The Immediate Impact and Fear of the Bondi Shooting Is Giving Way to Rage and Discord. It Is Imperative We Look For the Hope.
As Australia winds down for a traditional Christmas holiday during languorous days of coast and scorching heat set to the soundtrack of sporting matches and insect sounds, this year the country’s summer mood feels, sadly, like none before.
It would be a dramatic understatement to characterize the national disposition after the anti-Jewish terrorist attack on Australian Jews during the beachside Hanukah festivities as one of simple discontent.
Across the country, but especially than in Sydney – the most iconically beautiful of Australian cities – a tone of immediate shock, grief and terror is shifting to fury and deep polarization.
Those who had previously missed the frequently expressed concerns of Australian Jews are now highly attuned. Just as, they are sensitive to balancing the need for a far more urgent, vigorous official fight against anti-Jewish hatred with the right to peacefully protest against mass atrocities.
If ever there was a moment for a national listening, it is now, when our belief in mankind is so sorely depleted. This is especially so for those of us fortunate enough never to have experienced the hatred and dread of religious and ethnic persecution on this continent or anywhere else.
And yet the social media feeds keep spewing at us the trite hot takes of those with inflammatory, divisive stances but little understanding at all of that terrifying fragility.
This is a period when I lament not having a greater spiritual belief. I mourn, because having faith in humanity – in mankind’s potential for kindness – has let us down so painfully. A different source, a greater power, is needed.
And yet from the horror of Bondi we have witnessed such extreme instances of human goodness. The heroism of individuals. The selflessness of bystanders. Emergency personnel – police officers and medical staff, those who ran towards the gunfire to aid others, some publicly hailed but for the most part unnamed and unsung.
When the police tape still fluttered in the wind all about Bondi, the necessity of community, religious and cultural solidarity was laudably championed by faith leaders. It was a message of compassion and acceptance – of bringing together rather than splitting apart in a time of antisemitic slaughter.
Consistent with the symbolism of the Festival of Lights (illumination amid darkness), there was so much appropriate evocation of the need for hope.
Togetherness, hope and love was the essence of faith.
‘Our public places may not look quite the same again.’
And yet segments of the Australian polity responded so nauseatingly swiftly with fragmentation, finger-pointing and accusation.
Some elected officials gravitated straight for the darkness, using tragedy as a cynical opportunity to challenge Australia’s immigration policies.

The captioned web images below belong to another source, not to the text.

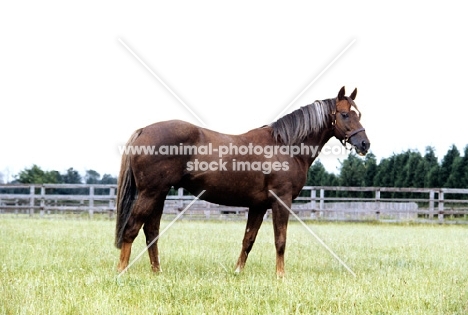 grundy, racehorse, at the national stud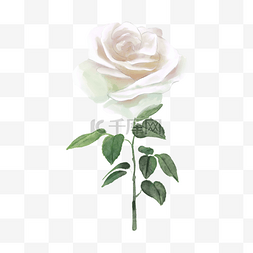 白玫瑰素材图片_白玫瑰水彩婚礼花朵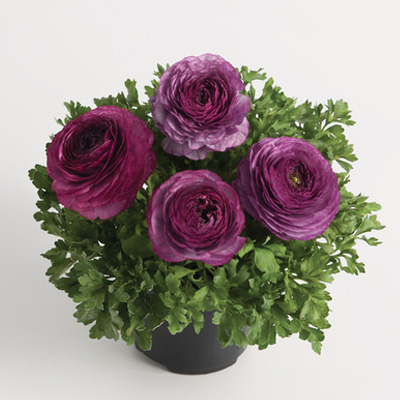 ranonkel (Ranunculus-asiaticus-Vortex-F1-Violet)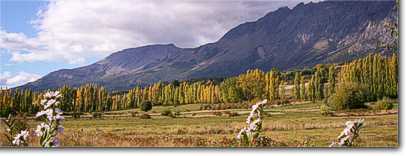 Vista del Cerro Piltriquitron El Bolson, predio Cabañas Limay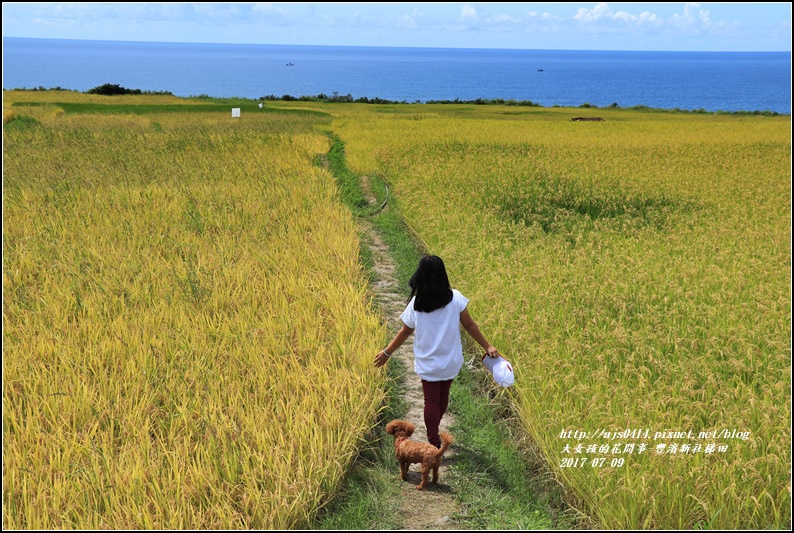 豐濱新社梯田-2017-07-06.jpg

Witness the harmful rhetoric of disunity from longstanding fomenters of societal discord, capitalizing on the attack before the crime scene was even cold. Then read the words of political figures while the probe was still active.
Politics has a daunting task to do when it comes to uniting a nation that is mourning and frightened and seeking the hope and, not least, answers to so many questions.
Like why, when the national terrorism threat level was judged as probable, did such a significant open-air Hanukah event go ahead with such a woefully insufficient protection? Like how could the accused attackers have multiple firearms in the residence when the security agency has so openly and consistently alerted of the threat of targeted attacks?
How rapidly we were subjected to that cliched line (or iterations of it) that it’s people not weapons that cause death. Naturally, both things are valid. It’s feasible to at the same time seek new ways to prevent violent bigotry and keep firearms away from its possible actors.
In this metropolis of profound splendor, of pristine blue heavens above sea and shore, the ocean and the beaches – our shared community spaces – may not seem entirely familiar again to the many who’ve noted that iconic Bondi seems so jarringly out of place with last weekend’s horrific violence.
We yearn right now for understanding and meaning, for loved ones, and perhaps for the consolation of beauty in culture or nature.
This weekend many Australians are calling off Christmas party plans. Reflective solitude will feel more in order.
But this is perhaps counterintuitively counterintuitive. For in these days of anxiety, outrage, sadness, bewilderment and grief we require each other more than ever.
The reassurance of community – the human glue of the unity in the very word – is what we likely need most.
But sadly, all of the portents are that unity in politics and the community will be hard to find this long, draining summer.